Venipuncture was performed using a BD Vacutainer Blood Collection System and approximately 3 to 4 mL of blood was collected. The plasma sample was left standing undisturbed at room temperature for 30 minutes to allow for adequate clotting. The sample was then placed in a centrifuge (Quest Diagnostics VanGuard V6500, Madison, NJ, USA) and spun for 15 minutes at 3000 rpm to separate the serum and blood cell layers. After centrifugation, the serum was extracted by pipette and aliquotted into two 1-mL samples in Nalgene vials. All serum samples were coded with unique identifiers to ensure that the lab technician was blinded to their content. All samples were stored at 80°C until analysis.

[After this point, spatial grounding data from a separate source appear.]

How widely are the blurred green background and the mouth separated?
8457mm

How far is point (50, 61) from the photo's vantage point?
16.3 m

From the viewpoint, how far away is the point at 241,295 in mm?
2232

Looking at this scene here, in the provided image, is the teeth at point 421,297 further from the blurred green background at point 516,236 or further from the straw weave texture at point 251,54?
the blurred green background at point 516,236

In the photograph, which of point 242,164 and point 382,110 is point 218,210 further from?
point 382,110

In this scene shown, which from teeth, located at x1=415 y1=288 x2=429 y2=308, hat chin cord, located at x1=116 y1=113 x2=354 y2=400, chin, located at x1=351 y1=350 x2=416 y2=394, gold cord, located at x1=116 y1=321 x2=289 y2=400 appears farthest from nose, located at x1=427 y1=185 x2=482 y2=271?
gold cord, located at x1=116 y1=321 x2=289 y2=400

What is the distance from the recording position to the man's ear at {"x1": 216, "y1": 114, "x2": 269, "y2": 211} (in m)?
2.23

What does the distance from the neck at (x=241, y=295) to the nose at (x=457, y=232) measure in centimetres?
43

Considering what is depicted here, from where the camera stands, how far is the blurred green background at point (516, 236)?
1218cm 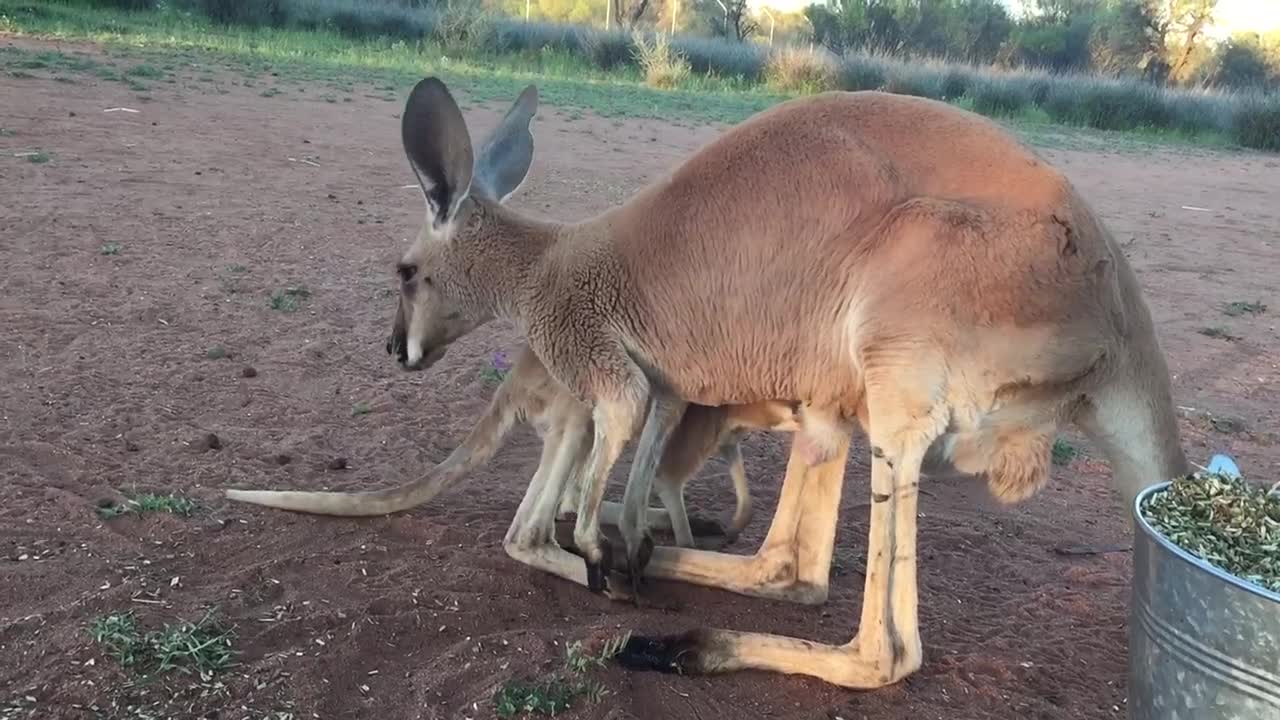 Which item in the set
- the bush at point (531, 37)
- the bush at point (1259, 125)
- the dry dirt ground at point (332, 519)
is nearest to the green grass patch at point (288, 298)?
the dry dirt ground at point (332, 519)

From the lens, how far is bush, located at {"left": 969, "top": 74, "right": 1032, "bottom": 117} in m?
19.9

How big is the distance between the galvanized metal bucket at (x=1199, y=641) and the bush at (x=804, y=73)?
1868cm

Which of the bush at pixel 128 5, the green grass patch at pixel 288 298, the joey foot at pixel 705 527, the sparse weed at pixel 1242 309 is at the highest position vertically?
the bush at pixel 128 5

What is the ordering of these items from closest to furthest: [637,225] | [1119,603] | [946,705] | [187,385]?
[946,705] < [637,225] < [1119,603] < [187,385]

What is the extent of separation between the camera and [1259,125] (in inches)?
750

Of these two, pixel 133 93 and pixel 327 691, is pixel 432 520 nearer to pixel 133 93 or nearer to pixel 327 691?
pixel 327 691

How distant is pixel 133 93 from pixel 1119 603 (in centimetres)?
963

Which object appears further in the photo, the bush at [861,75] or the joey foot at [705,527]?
the bush at [861,75]

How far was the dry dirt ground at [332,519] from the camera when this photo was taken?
7.97 feet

A Quantikine Human Relaxin-2 Immunoassay (DRL200, R&D Systems Inc., Minneapolis, MN, USA) was used according to the manufacturer’s protocol to determine the SRC of the samples. The intra-assay and inter-assay coefficients of variation for mean SRC (34.4 pg/mL and 40.8 pg/mL) were 4.7% and 10.2%, respectively. The mean minimum detectable dose was 1 pg/mL. All samples were run in triplicate and serum relaxin concentration values were calculated based on the standard curve, including the zero dose standard. The assay utilized the standard quantitative sandwich enzyme immunoassay technique.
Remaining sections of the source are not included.